** RECORDS FOR THE EXERCISE follows **
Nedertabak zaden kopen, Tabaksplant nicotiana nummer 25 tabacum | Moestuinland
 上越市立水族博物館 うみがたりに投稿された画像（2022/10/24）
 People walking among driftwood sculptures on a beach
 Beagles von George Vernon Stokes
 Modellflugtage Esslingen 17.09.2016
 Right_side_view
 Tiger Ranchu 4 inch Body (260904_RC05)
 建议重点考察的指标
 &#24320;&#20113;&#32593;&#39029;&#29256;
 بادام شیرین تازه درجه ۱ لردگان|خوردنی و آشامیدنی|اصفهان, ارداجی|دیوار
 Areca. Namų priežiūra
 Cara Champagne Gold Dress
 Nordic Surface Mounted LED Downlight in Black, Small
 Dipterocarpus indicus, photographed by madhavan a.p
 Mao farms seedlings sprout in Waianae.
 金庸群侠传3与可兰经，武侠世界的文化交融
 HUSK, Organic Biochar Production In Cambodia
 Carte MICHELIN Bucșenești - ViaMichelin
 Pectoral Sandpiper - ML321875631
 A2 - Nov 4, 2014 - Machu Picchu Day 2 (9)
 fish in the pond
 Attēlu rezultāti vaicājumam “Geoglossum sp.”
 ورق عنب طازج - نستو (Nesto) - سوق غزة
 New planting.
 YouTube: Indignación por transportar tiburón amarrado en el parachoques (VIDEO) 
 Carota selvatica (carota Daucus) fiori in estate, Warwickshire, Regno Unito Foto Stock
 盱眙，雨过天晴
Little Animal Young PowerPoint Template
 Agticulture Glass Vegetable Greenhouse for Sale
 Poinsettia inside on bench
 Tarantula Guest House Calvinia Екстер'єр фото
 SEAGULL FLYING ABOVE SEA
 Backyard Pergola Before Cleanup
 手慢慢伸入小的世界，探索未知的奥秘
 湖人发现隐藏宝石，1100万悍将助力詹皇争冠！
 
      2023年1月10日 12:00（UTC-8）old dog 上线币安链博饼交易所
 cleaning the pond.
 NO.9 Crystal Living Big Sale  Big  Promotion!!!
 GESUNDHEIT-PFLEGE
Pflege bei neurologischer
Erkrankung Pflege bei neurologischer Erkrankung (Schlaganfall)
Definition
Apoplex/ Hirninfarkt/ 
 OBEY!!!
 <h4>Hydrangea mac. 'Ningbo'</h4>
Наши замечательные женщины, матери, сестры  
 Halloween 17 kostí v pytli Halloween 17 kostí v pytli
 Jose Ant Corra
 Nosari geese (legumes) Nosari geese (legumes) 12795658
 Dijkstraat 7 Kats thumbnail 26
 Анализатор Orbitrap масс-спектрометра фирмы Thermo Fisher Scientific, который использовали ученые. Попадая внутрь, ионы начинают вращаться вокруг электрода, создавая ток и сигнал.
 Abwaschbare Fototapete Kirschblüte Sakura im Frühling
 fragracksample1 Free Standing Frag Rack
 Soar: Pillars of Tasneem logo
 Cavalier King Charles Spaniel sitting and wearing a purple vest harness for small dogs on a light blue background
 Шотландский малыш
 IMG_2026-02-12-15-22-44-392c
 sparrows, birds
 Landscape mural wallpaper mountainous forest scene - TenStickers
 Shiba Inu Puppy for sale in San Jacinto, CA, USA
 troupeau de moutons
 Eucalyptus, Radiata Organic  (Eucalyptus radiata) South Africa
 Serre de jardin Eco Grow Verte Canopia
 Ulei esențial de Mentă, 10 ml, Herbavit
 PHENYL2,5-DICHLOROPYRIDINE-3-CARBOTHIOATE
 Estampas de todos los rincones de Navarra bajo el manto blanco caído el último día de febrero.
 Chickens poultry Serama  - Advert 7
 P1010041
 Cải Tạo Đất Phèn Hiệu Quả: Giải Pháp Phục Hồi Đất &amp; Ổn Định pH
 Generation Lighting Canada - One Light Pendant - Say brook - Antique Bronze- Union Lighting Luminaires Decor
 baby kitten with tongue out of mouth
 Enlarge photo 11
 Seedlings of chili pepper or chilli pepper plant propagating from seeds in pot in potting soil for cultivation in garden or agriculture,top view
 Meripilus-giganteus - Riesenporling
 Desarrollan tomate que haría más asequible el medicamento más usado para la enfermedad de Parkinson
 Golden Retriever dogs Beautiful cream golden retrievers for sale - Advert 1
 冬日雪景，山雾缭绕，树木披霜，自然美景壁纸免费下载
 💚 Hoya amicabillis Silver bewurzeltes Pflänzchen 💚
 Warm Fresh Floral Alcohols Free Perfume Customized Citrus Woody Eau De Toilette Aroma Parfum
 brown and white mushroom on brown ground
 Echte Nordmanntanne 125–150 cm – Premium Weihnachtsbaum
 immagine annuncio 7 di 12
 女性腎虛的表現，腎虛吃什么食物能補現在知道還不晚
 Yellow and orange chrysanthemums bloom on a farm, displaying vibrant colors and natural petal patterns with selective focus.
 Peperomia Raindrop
** End of RECORDS FOR THE EXERCISE **
• YOUR TASK:
Beginning at the first line above, repeat exactly until the line containing "Mao farms seedlings sprout in Waianae.", which is included.

• EXERCISE OUTPUT:
Nedertabak zaden kopen, Tabaksplant nicotiana nummer 25 tabacum | Moestuinland
 上越市立水族博物館 うみがたりに投稿された画像（2022/10/24）
 People walking among driftwood sculptures on a beach
 Beagles von George Vernon Stokes
 Modellflugtage Esslingen 17.09.2016
 Right_side_view
 Tiger Ranchu 4 inch Body (260904_RC05)
 建议重点考察的指标
 &#24320;&#20113;&#32593;&#39029;&#29256;
 بادام شیرین تازه درجه ۱ لردگان|خوردنی و آشامیدنی|اصفهان, ارداجی|دیوار
 Areca. Namų priežiūra
 Cara Champagne Gold Dress
 Nordic Surface Mounted LED Downlight in Black, Small
 Dipterocarpus indicus, photographed by madhavan a.p
 Mao farms seedlings sprout in Waianae.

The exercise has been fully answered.